House Speaker Straus Emphasizes Importance of Retiree Health Care for State Budget

Earlier this week, Texas Speaker of the House Joe Straus released a letter to the members of the House Appropriations Committee regarding his concerns for the state budget and the many factors that must be considered during the 85th Legislative Session that begins in January 2017.

One of those concerns is the TRS-Care retiree health insurance program. Straus stated that “even with the critical infusion of funding to TRS-Care last session, a sustainable, long-term solution is still needed.”

Straus also noted that “writing a balanced and disciplined budget that appropriately funds our top priorities is going to be a significant challenge.” As the members of the Texas Retired Teachers Association (TRTA) know, TRS-Care faces a budget shortfall of $1.6 billion next session, putting the 250,000 participants of the program at risk of skyrocketing premium increases, benefit changes, or both.

The Texas Legislature has been making TRS-Care a priority during the interim between sessions, appointing a legislative committee to review potential solutions to the fiscal issues as well as the long-term sustainability of the program. The legislative members named to this group are: Senators Joan Huffman (R-Houston) – Co-Chair, Jane Nelson (R-Flower Mound), and Craig Estes (R-Wichita Falls); and Representatives Dan Flynn (R-Canton) – Co-Chair, Trent Ashby (R-Lufkin), and Justin Rodriguez (D-San Antonio).

On March 30, the committee held its first hearing to discuss TRS-Care, which TRTA reviewed in the Inside Line. During the meeting, each legislator was divided on how to approach the conversation of solving the TRS-Care crisis.

Senator Craig Estes (R-Wichita Falls) began the meeting by providing a statement of determination, but halfway through conceded that solving the crisis would require everyone to contribute.

Representative Phil Stephenson however was adamant that retirees should not have to have any cost increases or benefit reductions. “It should be the burden of the actives and the state,” Stephenson said.

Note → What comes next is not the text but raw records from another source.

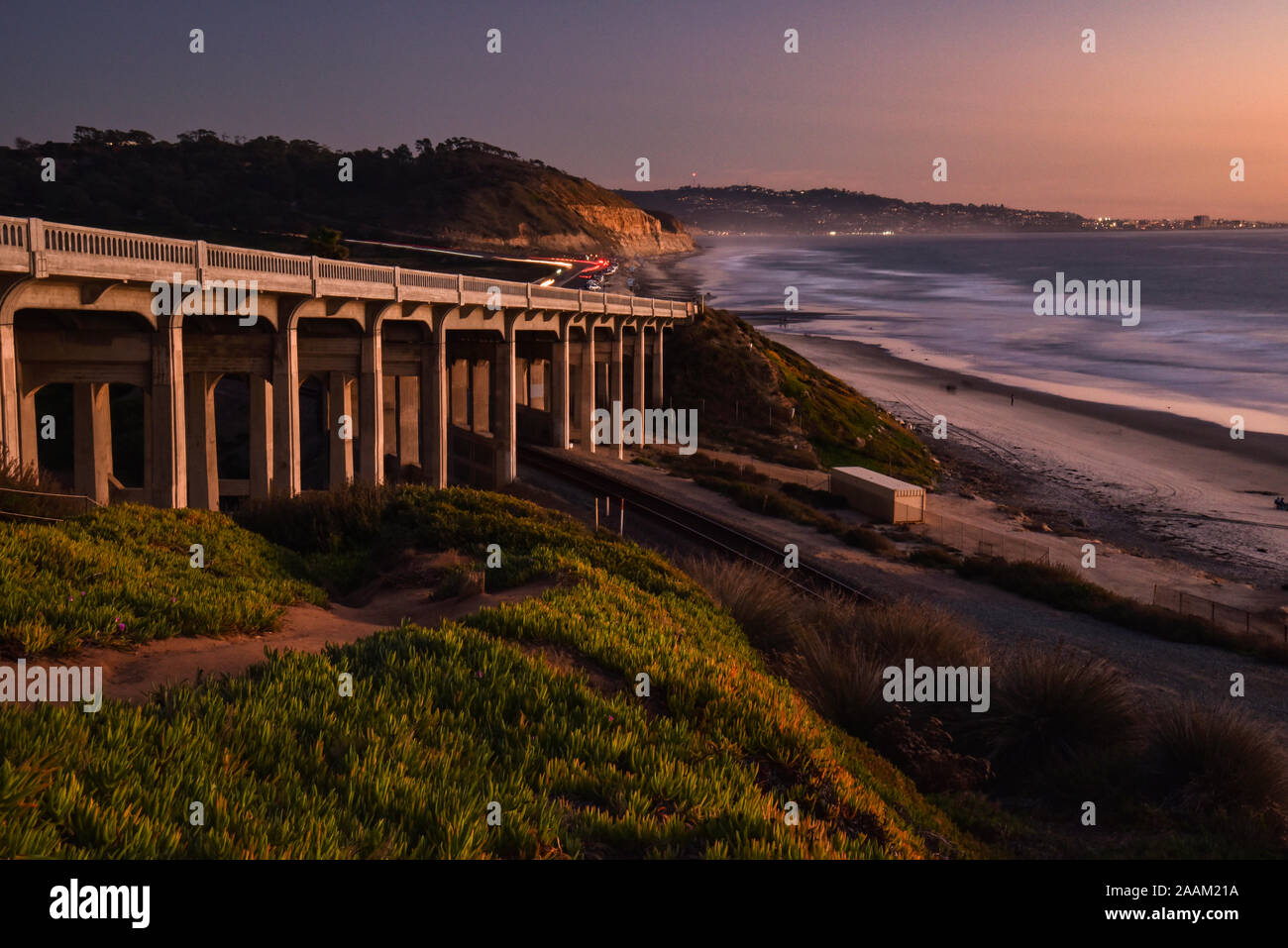 Torrey Pines Road auf der Brücke, Eisenbahnschienen unter, neben Sandstrand mit Wellen am Ufer bei Sonnenuntergang brechen, La Jolla, Kalifornien, USA Stockfoto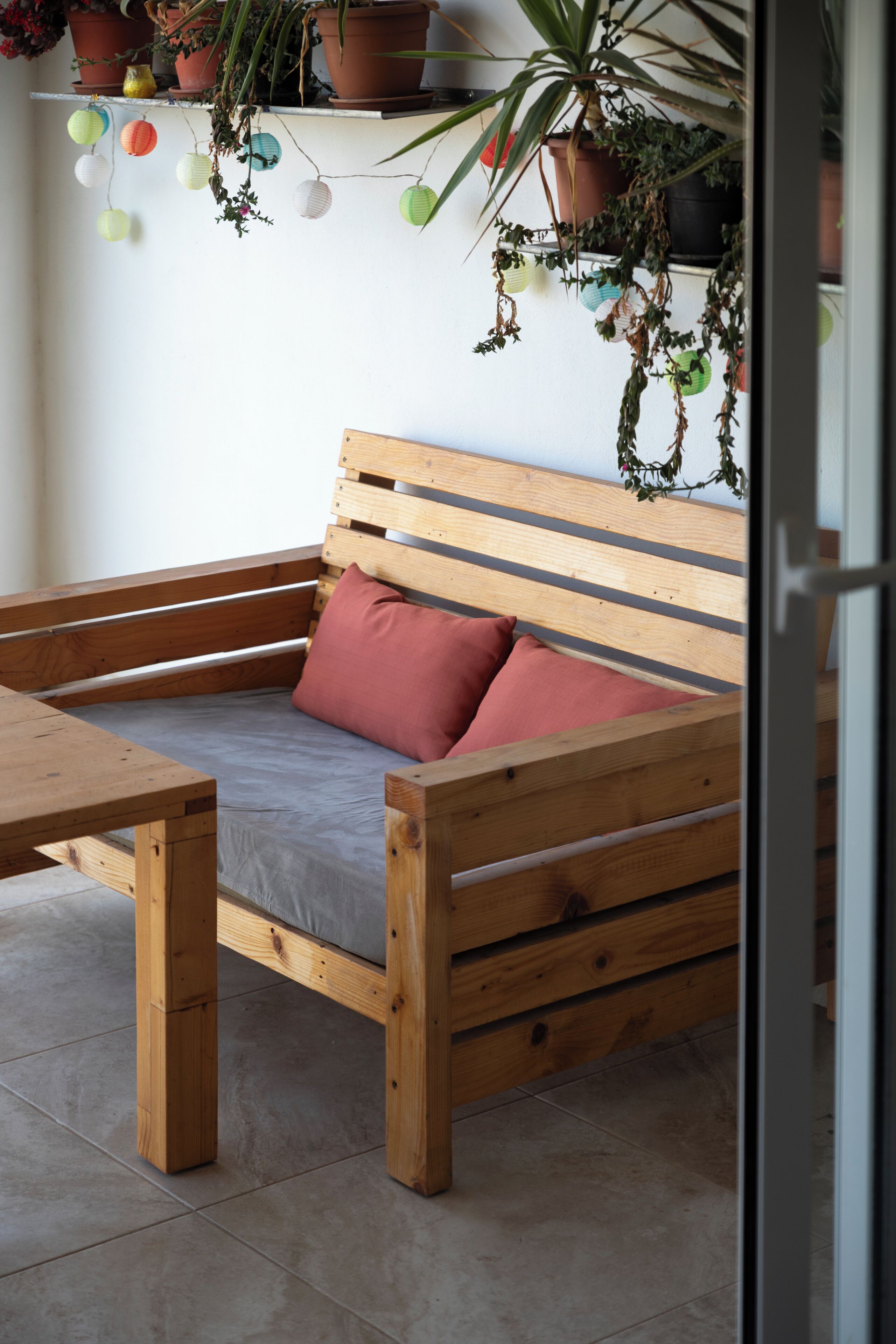 A wooden bench with cushions, a small table, and hanging plants.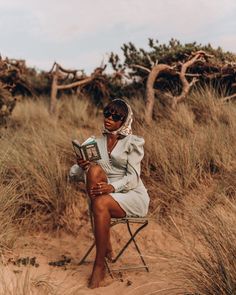 a woman sitting in a chair on the beach reading a book while wearing a headscarf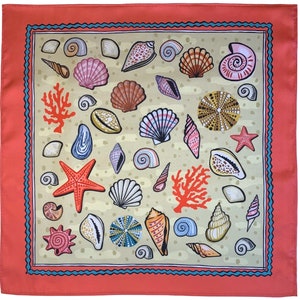 May include: Square scarf with a coral border and a light beige background. The scarf features a pattern of various seashells, starfish, and coral in shades of pink, orange, and brown. A blue border with a wave design frames the seashell pattern.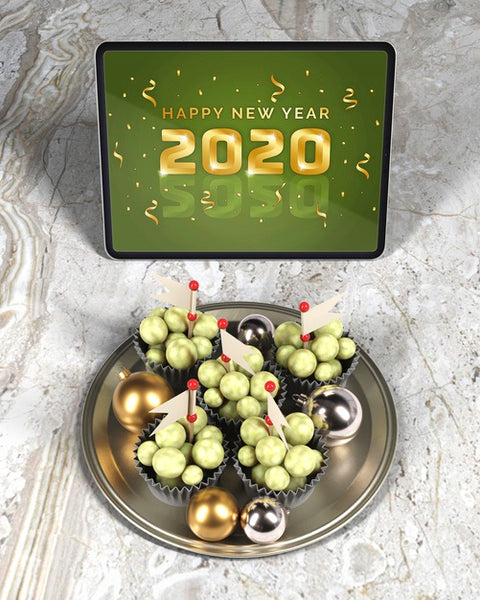 Free Tray With Chocolate Beside Tablet With New Year Message Psd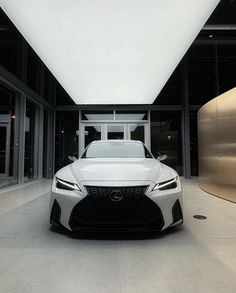 a white sports car parked in front of a building with glass walls and doors on both sides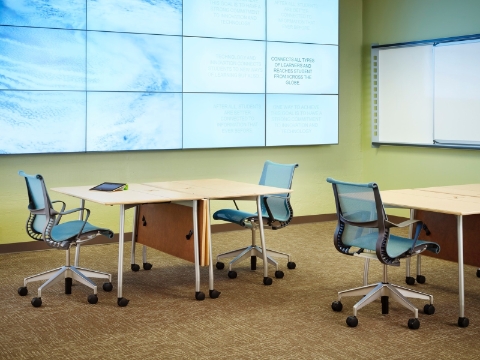 A college clasroom with tables and Setu chairs, and a video wall backdrop. 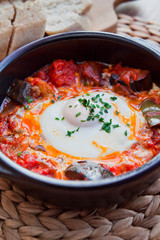 Pisto con huevo -  Spanish cuisine roasted vegetables ratatouille with poached egg.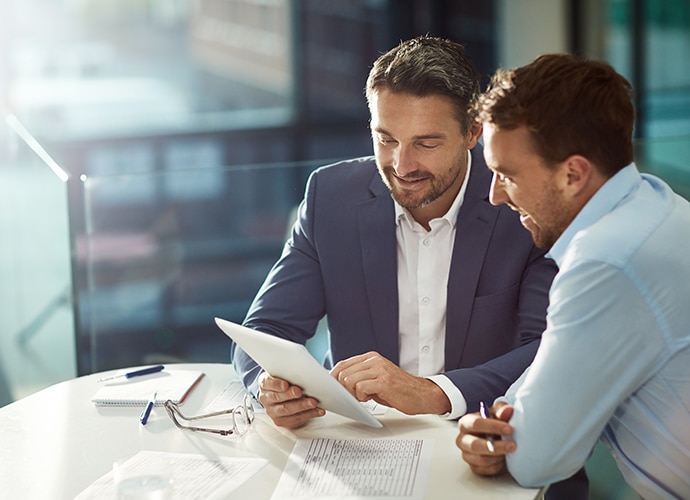 Two guys are discussing business at the table.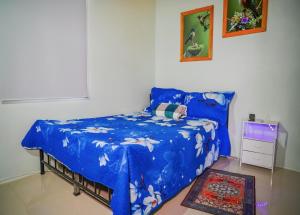 a bedroom with a bed with a blue comforter at Cabinas Los Colibris in Pocosol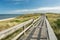 Wooden foot bridge through the dunes with the ocean in the background in Northern Germany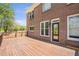 Exterior view of the wooden deck with a brick house and black door nearby at 4095 Boles Creek Dr, Duluth, GA 30096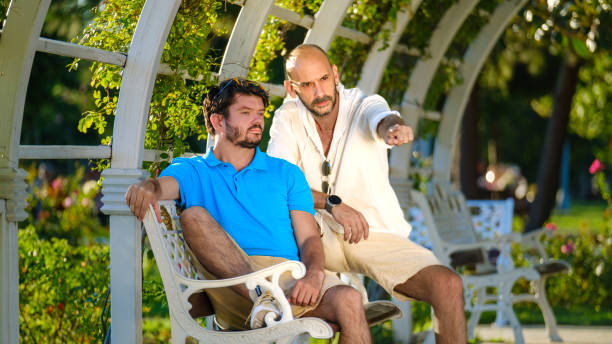 Two charismatic middle-aged businessmen, friends, enjoying a pleasant time together in a beautiful park after work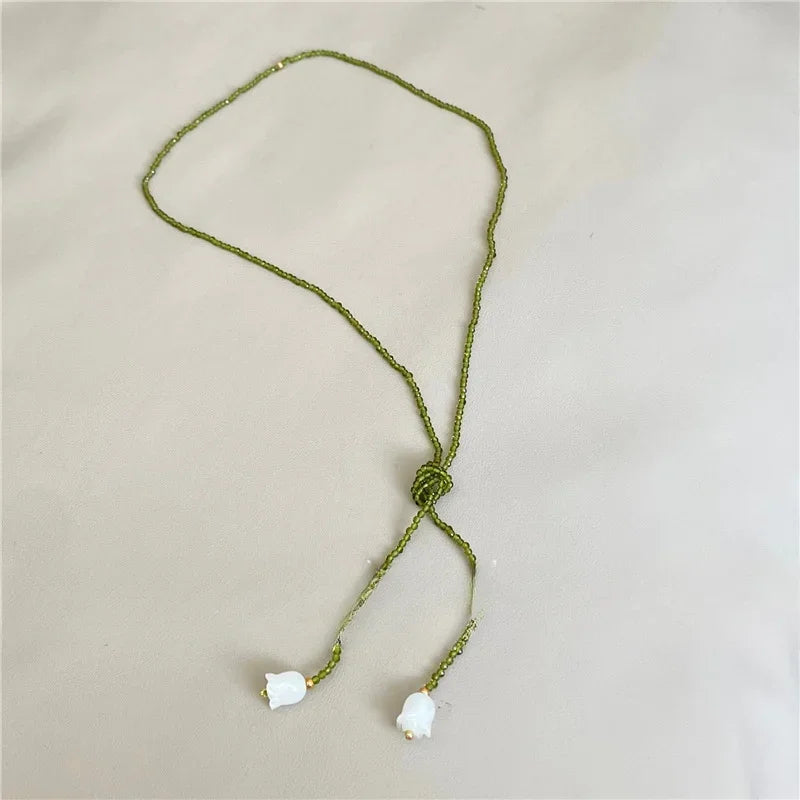 White Lily of The Valley Necklace Women Long Sweater Chains 2025 New Summer Green Necklace Pearl Flower Pendant Choker Jewelry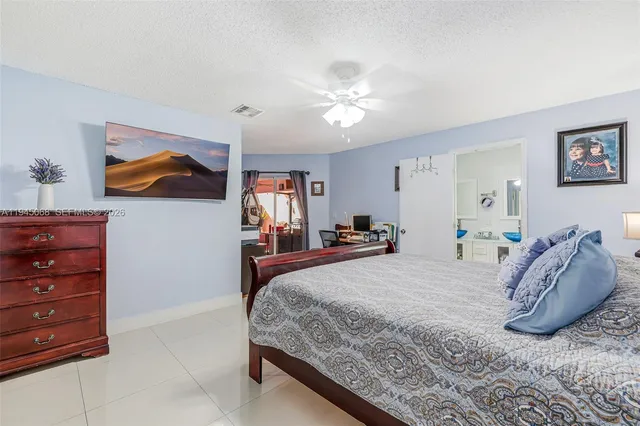 a bedroom with a bed and a painting on the wall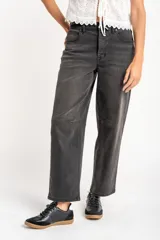 Jean de corte baggy con tiro medio, confeccionado en denim de color gris lavado. Presenta un diseño de pierna ancha con costuras horizontales a la altura de la rodilla y cierre frontal con botón y cremallera.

Tim Lee, TRTA’s Executive Director, outlined the issues surrounding the program, including the prolonged issue of the program being a “pay-as-you-go strategy.” This current strategy required the state to provide $768 million to keep the program solvent through the current biennium, which is what Speaker Straus was referencing in his press release.

The bottom line is this: more revenue is needed to keep TRS-Care solvent. The current pay-as-you-go method has almost been as expensive as a pre-funded method. A pre-funded method would be similar to the TRS pension fund, which receives yearly contributions from the state, active educators, and school districts.

While pre-funding TRS-Care is the best option for its long-term solvency, and the method that would be most fair to plan participants, it is the most expensive option for the Legislature. It would cost the state a total of $2.7 billion during the 2018-19 biennium and $2.8 billion during the 2020-21 biennium to pre-fund TRS-Care.

Achieving pre-funding might be a lofty goal, as Straus indicated that the state sales tax has “registered five monthly declines,” and crude oil prices are averaging $37 per barrel, down from $60 per barrel. While Straus noted that Texas is “better able to weather the peaks and valleys of a volatile energy market,” he warned that Appropriations Committee members will have to make difficult choices to balance the state’s budget.

Though most education associations in Texas concurred that pre-funding was the best option for TRS-Care, the reality of how the fiscal issues with the program will be resolved remains to be seen, and will be a point of contention during the 85th Legislative Session.

The fact is that TRTA and our members are leading on this issue. We are grateful for the attention being given to TRS-Care; TRTA knows that we have many friends in the Texas Legislature. The solution to this difficult problem may include different benefit strategies; however, TRTA believes that no matter what may be discussed regarding the health care plan, a serious discussion on additional state revenue is needed to keep this plan intact now and for the future.

Said more simply, TRS-Care is out of money and all public education retirees participating in TRS-Care need to join TRTA in this fight for additional state funding!

Please encourage your fellow retirees, friends, and colleagues to become a member of TRTA as we work to protect your TRS-Care health insurance program. Click here to join TRTA or renew your membership!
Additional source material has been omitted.